Cellphones, toilets and the Inauguration
It's Friday, just a few days before the Inauguration and it's quiet in DC. Well, as quiet as the town gets. My guess is that the locals have fled and the visitors haven't shown up yet. But the visitors are coming -- I've heard they're expecting up to 5 million people are going to try to get down to the festivities on Tuesday. That means that if you got everyone in the entire state of Oregon, and then made a stop and picked up everyone in Idaho, you'd still be short a few hundred thousand bodies to make up the difference.
This is the modern age, and preparations for 5 million people include a new wrinkle: mobile communications. Think of it, 5 million people texting their friends with photos of 5 million people. I've seen estimates of more than 1.4 billion mobile messages are expected to be delivered nationwide on Inauguration Day…
This doesn't count all the people trying to call each other to figure out where they are in the crush of humanity. Tons of emergency calls are a given for the statistical certainty of injury or illness.
Which brings us mobile, mobile communications. The main providers have set up an encampment on the east end of the mall with temporary cell towers:
I don't know how they tie back into the rest of the network, whether they tapped into a trunk or if they have a satellited dish hidden behind the fence, but the fact that such a resource can be deployed on a temporary basis is pretty damn cool.

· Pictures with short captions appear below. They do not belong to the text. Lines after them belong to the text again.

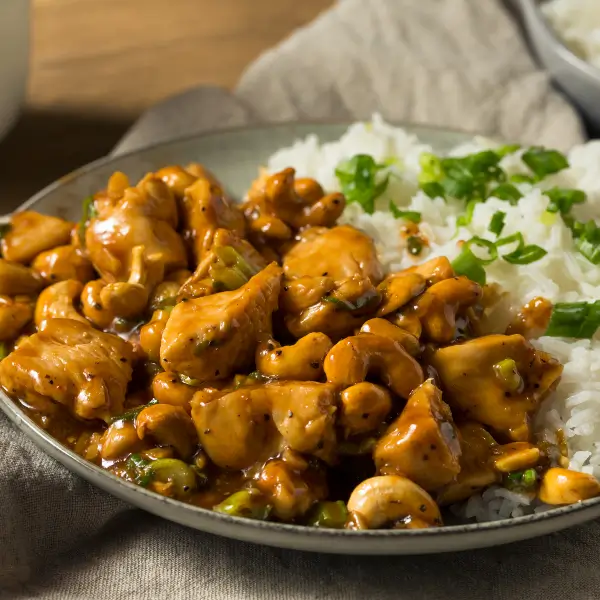 Cashew chicken and rice made with Nutsome cashews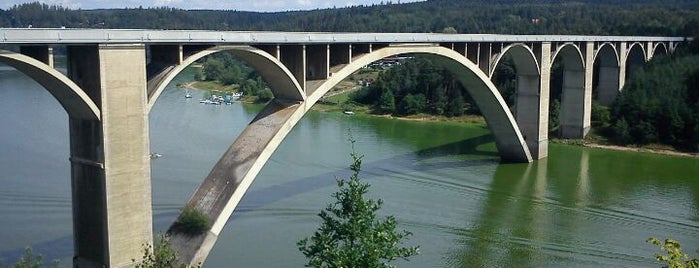 Podolský most is one of Mosty.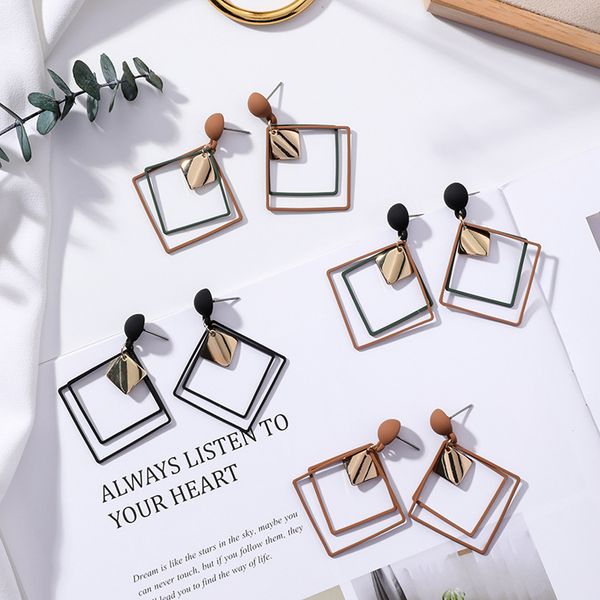 dangle & chandelier 2021 korean personality 4 color acrylic irregular hollow square drop earrings for women party fashion jewelry pendientes, Silver
dangle & chandelier 2021 korean personality 4 color acrylic irregular hollow square drop earrings for women party fashion jewelry pendientes, Silver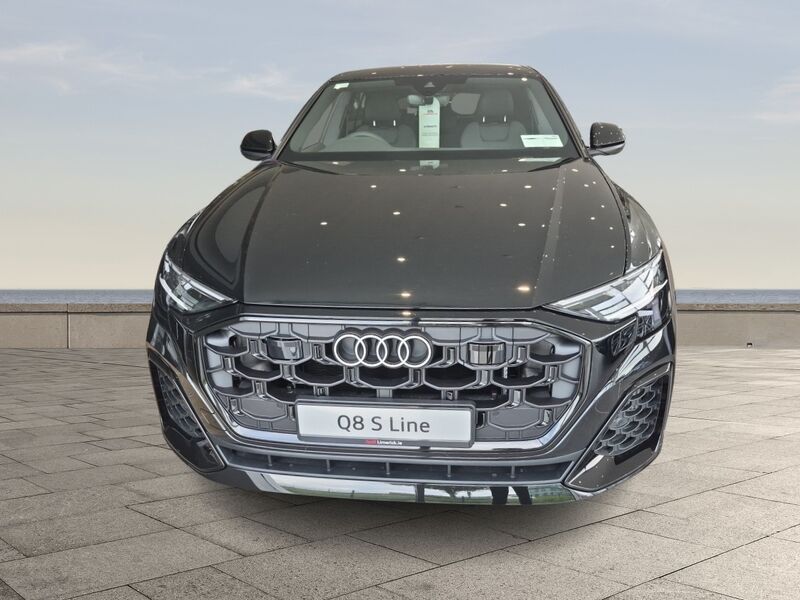 More views of Audi Q8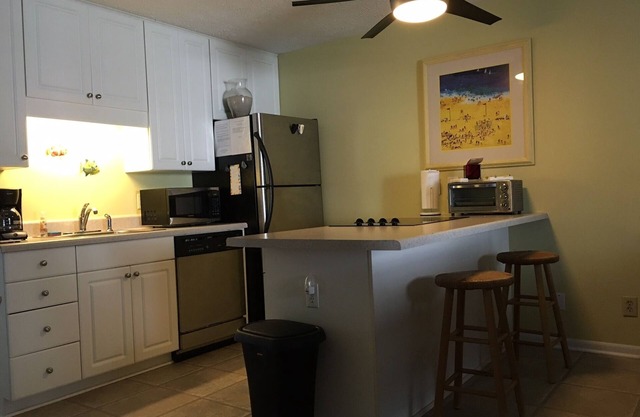 Lovely Condo steps from beach, pool, Carolina Lake View, Walk to everything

Another note on Inaugural Infrastructure comes from the 'Everybody poops' department. The Great Wall of Portapotties has been built from the Capitol for as far down the Mall as I could see. Photos don't do it justice, the sheer volume of plastic boxes is almost overwhelming. Sure, they're building huge scaffolding to hold up huge TVs, the news centers are being built, but the line up of crappers, that's how you know you live in a modern age.